• Bakterienkultur auf Nährlösung in einer viereckigen Schale. Um mehrere Antibiotikaplättchen haben sich sichtbare Hemmzonen entwickelt.

    When antibiotic plates come into contact with a bacterial culture, inhibition zones form around them, suppressing bacterial growth. Based on the diameter of these circles and the combinations of inhibition zones, researchers and laboratory staff can use the new AI model to calculate whether the bacterium is likely to be resistant to a reserve antibiotic. Axel Hamprecht

Detecting antibiotic resistance more reliably

Researchers at University Medicine Oldenburg have developed an AI tool that delivers fewer false-positive results than conventional screening methods when testing bacteria for resistance to reserve antibiotics.

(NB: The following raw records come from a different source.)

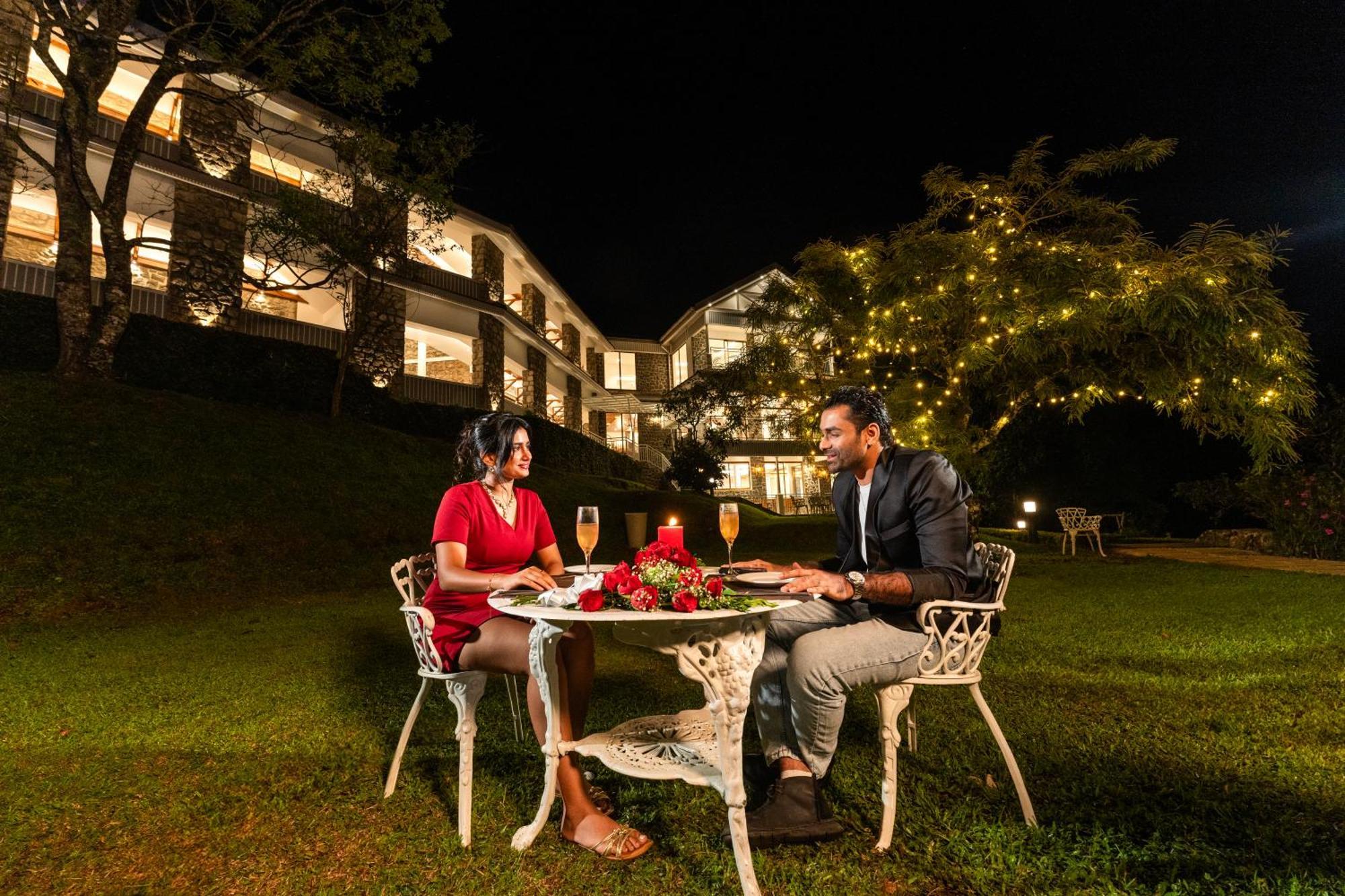 Le Montfort Resort 蒙纳 外观 照片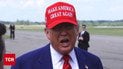 Трамп разглядел «прогресс» в переговорах России и Украины, а Ирану дал две недели дедлайна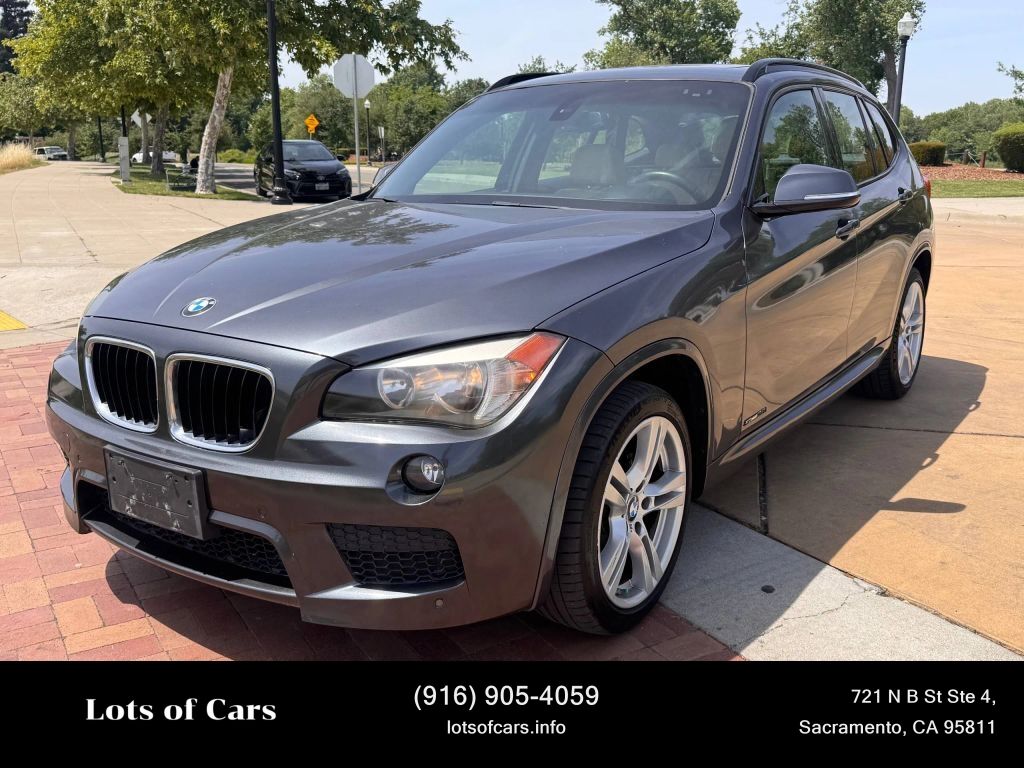 2014 BMW X1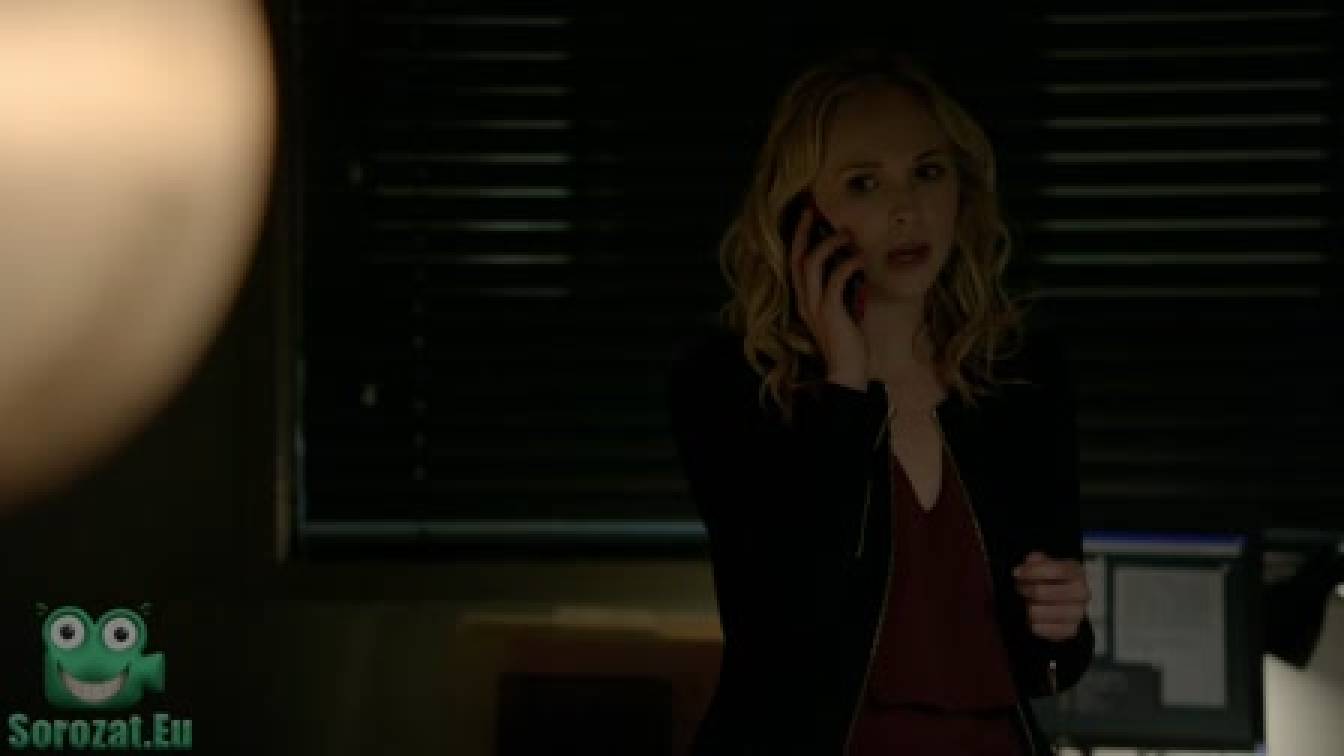 Vámpírnaplók 8. évad 13. rész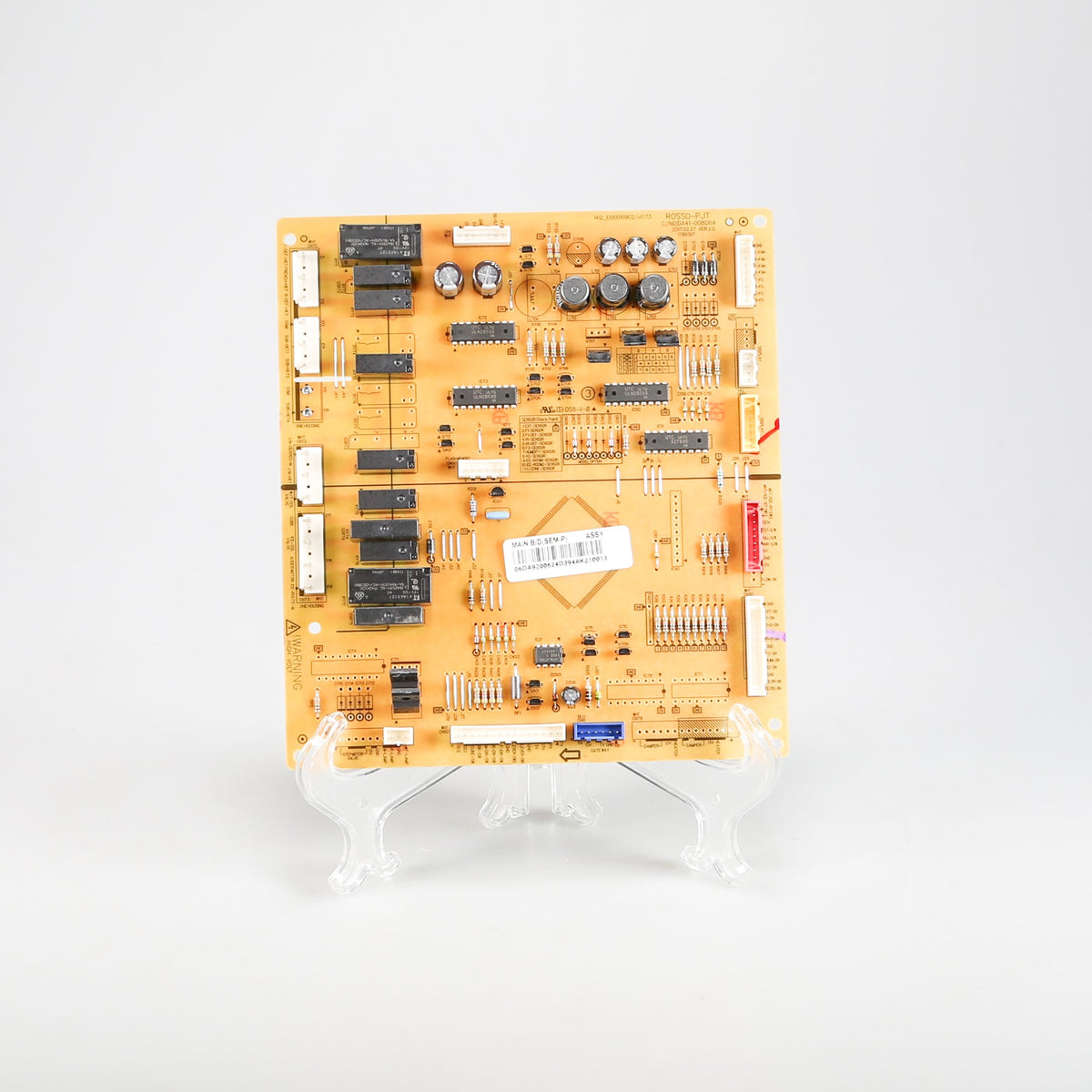 Samsung DA92-00624D Genuine OEM Assembly PCB Main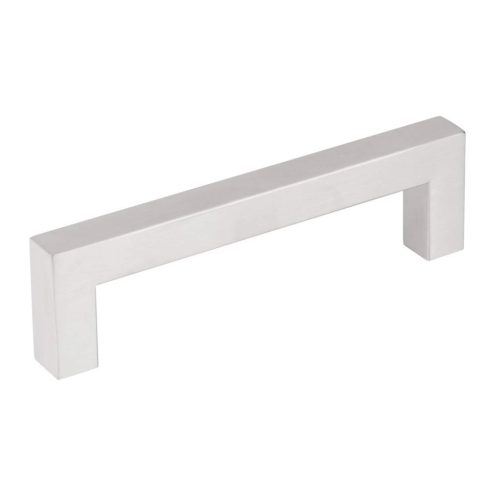 Tina bútorfogantyú 128 mm-es távolsággal rozsdamentes acél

A research group at the University Medicine Oldenburg has developed a new AI model called CarbaDetector that is better at identifying bacteria that are resistant to reserve antibiotics (also known as “last-resort” antibiotics) compared to other methods currently in use. In a study published in the renowned scientific journal Nature Communications, the team, led by Axel Hamprecht, Director of Institute of Medical Microbiology and Virology, demonstrates that the new CarbaDetector machine learning model, which is available for free as an open-access web-app, delivers fewer false positives than other testing methods currently in use in laboratories and outperforms standard screening algorithms. 

“Standard screening methods often produce false positive results which lead to further tests that cost both time and money and are basically unnecessary,” explains Dr Linea Katharina Muhsal, first author of the study.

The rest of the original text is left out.